Poésie et psychanalyse
La psychanalyse s'établit sur une règle unique, l'association libre. Même si c'est là un oxymore. Sous cet angle du paradoxe, de l'inattendu et de ce qui s'impose semble-t-il librement, une parenté existe entre psychanalyse et poésie, en relation avec le signifiant.
Les questions de la résonance pulsionnelle du signifiant dans le corps, de la finalité d'une cure psychanalytique uniquement constituée de l'exercice de la parole et de l'émergence d'un signifiant éventuellement nouveau sont autant de questions poétiques, mais aussi politiques, telles qu'elles ne peuvent être posées et résolues que par un sujet.

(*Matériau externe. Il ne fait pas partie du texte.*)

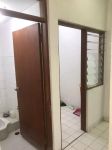 thumbnail-sewa-apartemen-cempaka-mas-2-kamar-11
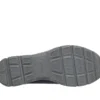 Relaxed Fit: comodidad Glide-Step Relaxed Fit: comodidad Glide-Step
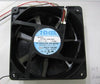 nmb 4715kl-05w-b49 0.46a 12038 24v 12cm nmb cooling fan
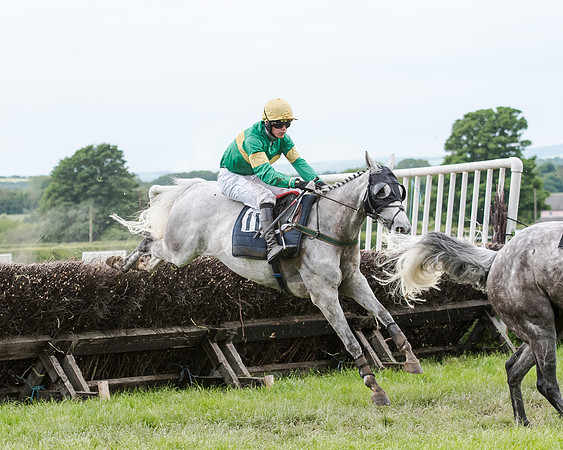 Berks and Bucks  (810 of 876)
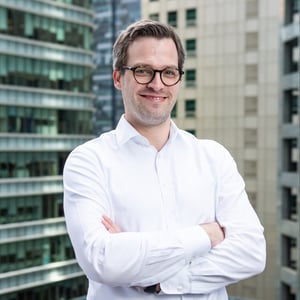 Christian Pixberg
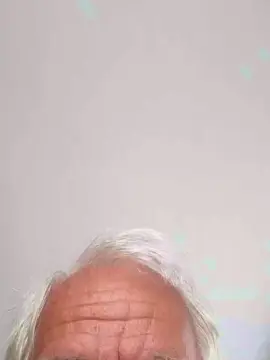 Cam4 Private Sex Chat of Cummer51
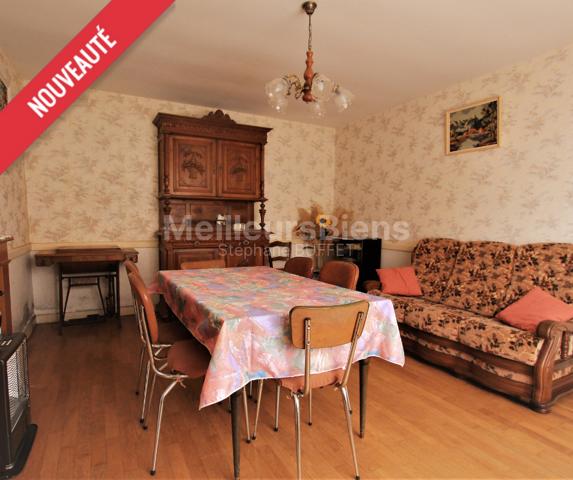 À la recherche d'un véritable havre de Paix !!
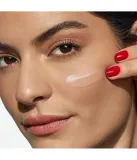 Праймер Smashbox Photo Finish Pore-Vanishing Primer матирующий, маскирует поры, 10 мл — фото 3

Tous les problèmes d'ordre clinique demandent à être ainsi abordés par un tel lien de la psychanalyse et de la poésie.
Plus largement, la relation du poète avec son époque et avec le travail de la langue retrouve en effet le sujet de la psychanalyse dans ses avancées énonciatives, mais aussi à propos de l'impossible à dire ou de traduire, comme vis-à-vis de la contingence du futur, liant la langue à la jouissance. Le traduisible et le transmissible sont particulièrement liés avec le nom, la nomination, et même l'innommable.
Les tentatives de destruction exercée aussi sur les langues aux époques des exterminations de masse, anéantissant les gens eux-mêmes, après avoir annulé leurs actions et leurs désirs, ont fondamentalement cherché à effacer leurs noms et leurs discours, et a contrario le maintien coûte que coûte de la poésie au profit d'une régénération des langues par ces victimes comme par d'autres recoupe ce qu'une psychanalyse peut susciter d'interrogation et de travail libidinal dans la sphère politique pour en changer la logique, en étant antinomique avec celle-ci si elle se contente de son classicisme, donc pour réactiver pulsions, désirs et jouissances.